START AVAILABLE DATA

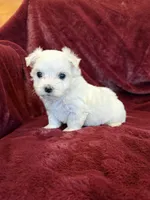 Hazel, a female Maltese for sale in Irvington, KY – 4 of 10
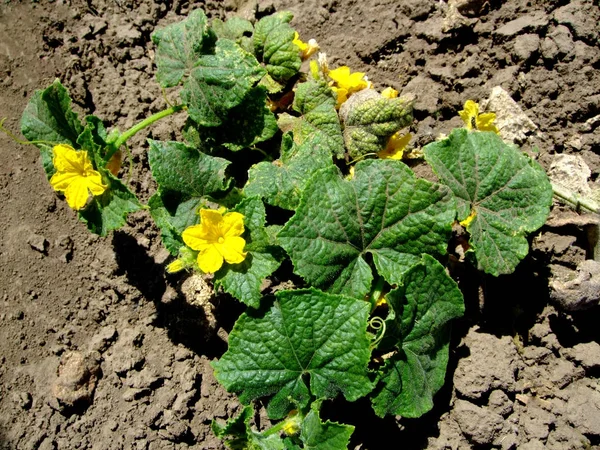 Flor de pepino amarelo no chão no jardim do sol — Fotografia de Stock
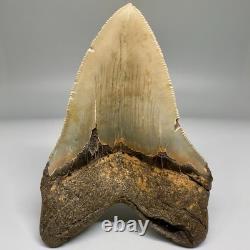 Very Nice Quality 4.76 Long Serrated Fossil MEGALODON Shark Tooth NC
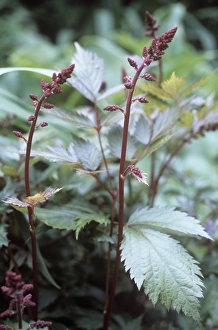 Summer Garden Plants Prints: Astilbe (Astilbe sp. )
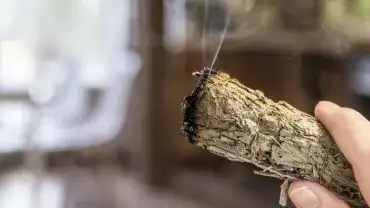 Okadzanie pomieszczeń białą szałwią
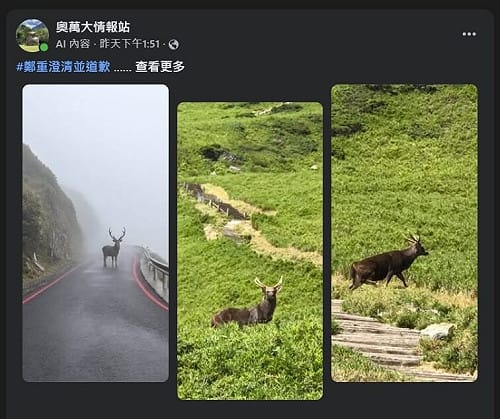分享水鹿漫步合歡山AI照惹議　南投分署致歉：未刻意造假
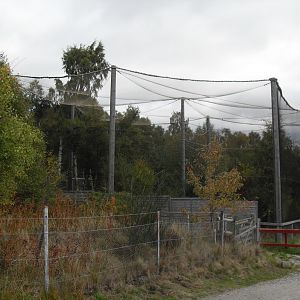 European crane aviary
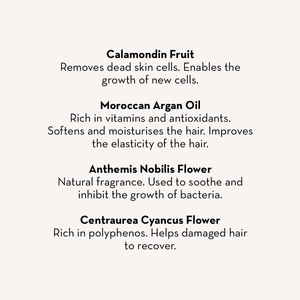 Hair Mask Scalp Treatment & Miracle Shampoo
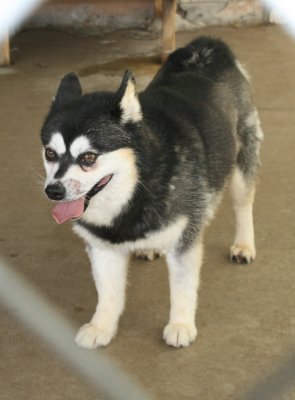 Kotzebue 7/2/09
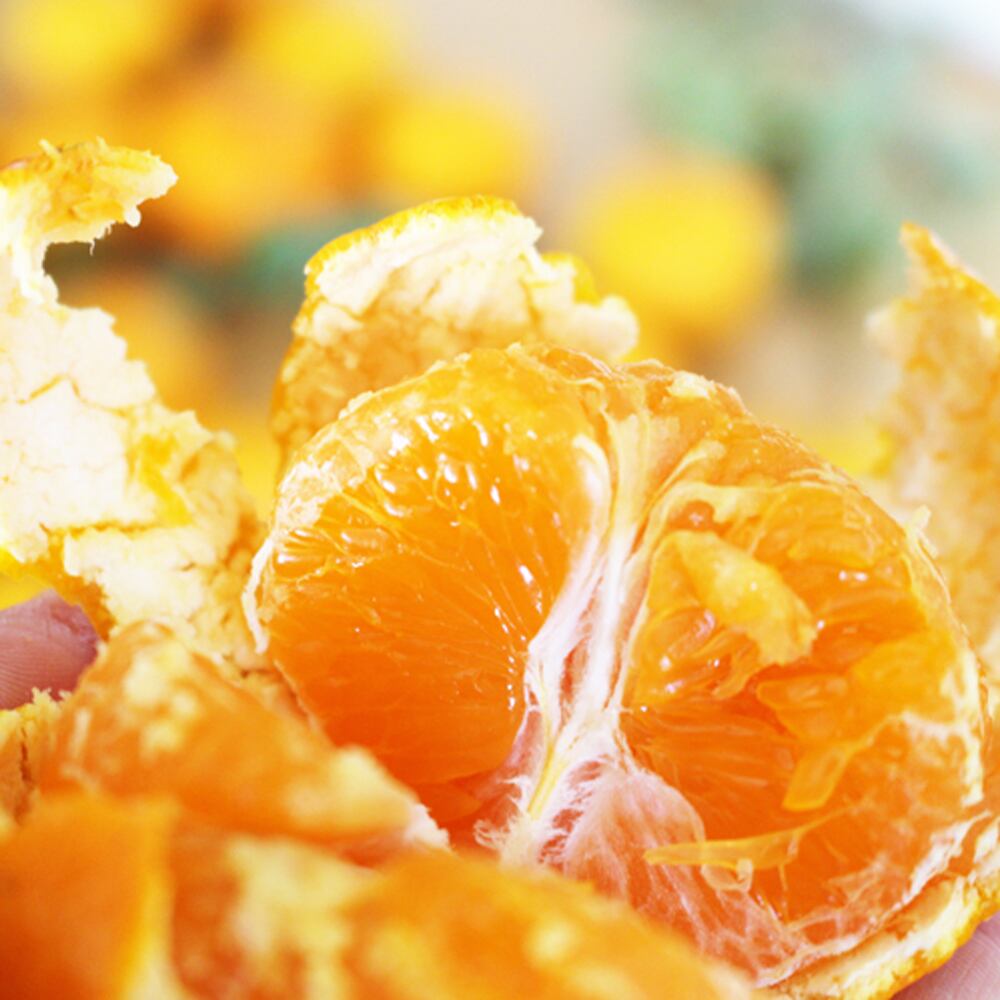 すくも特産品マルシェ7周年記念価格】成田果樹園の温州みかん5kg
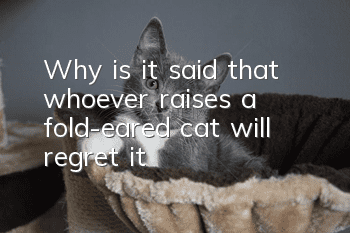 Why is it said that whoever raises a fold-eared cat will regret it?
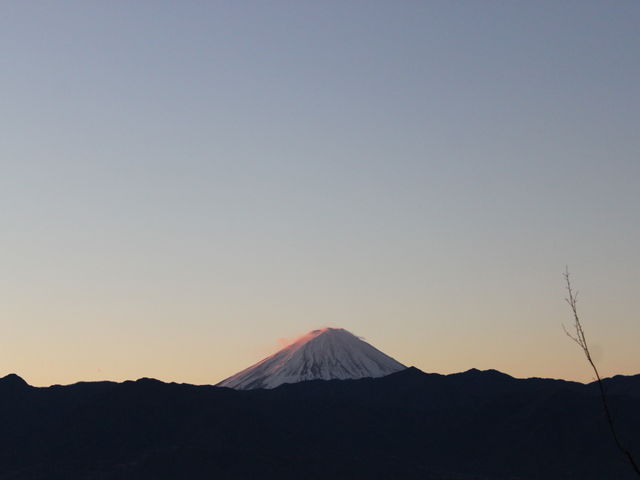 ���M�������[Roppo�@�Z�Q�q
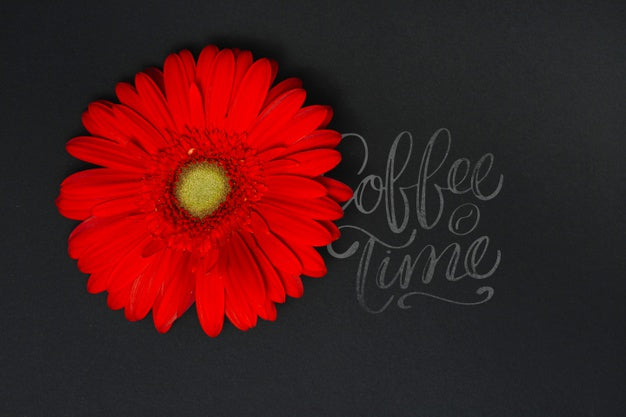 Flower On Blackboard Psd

END AVAILABLE DATA
START AVAILABLE DATA

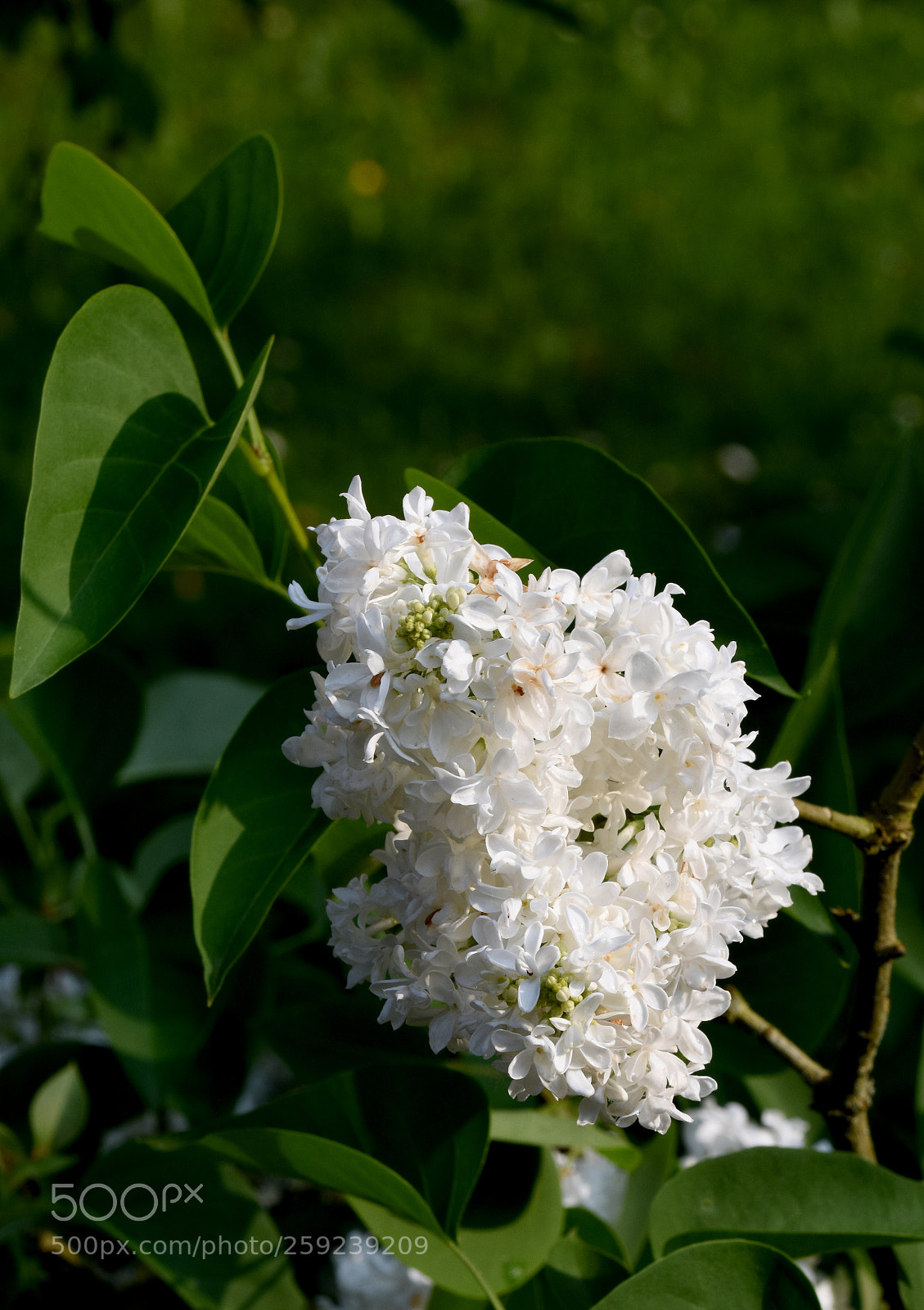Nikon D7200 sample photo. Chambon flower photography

END AVAILABLE DATA

- TASK -
Look above for the line with "分享水鹿漫步合歡山AI照惹議　南投分署致歉：未刻意造假" and the line with "Flower On Blackboard Psd"; set down those two lines and all lines between them exactly, without pictures and without anything else.

- ANSWER TO THIS PROBLEM -
分享水鹿漫步合歡山AI照惹議　南投分署致歉：未刻意造假
 European crane aviary
 Hair Mask Scalp Treatment & Miracle Shampoo
 Kotzebue 7/2/09
 すくも特産品マルシェ7周年記念価格】成田果樹園の温州みかん5kg
 Why is it said that whoever raises a fold-eared cat will regret it?
 ���M�������[Roppo�@�Z�Q�q
 Flower On Blackboard Psd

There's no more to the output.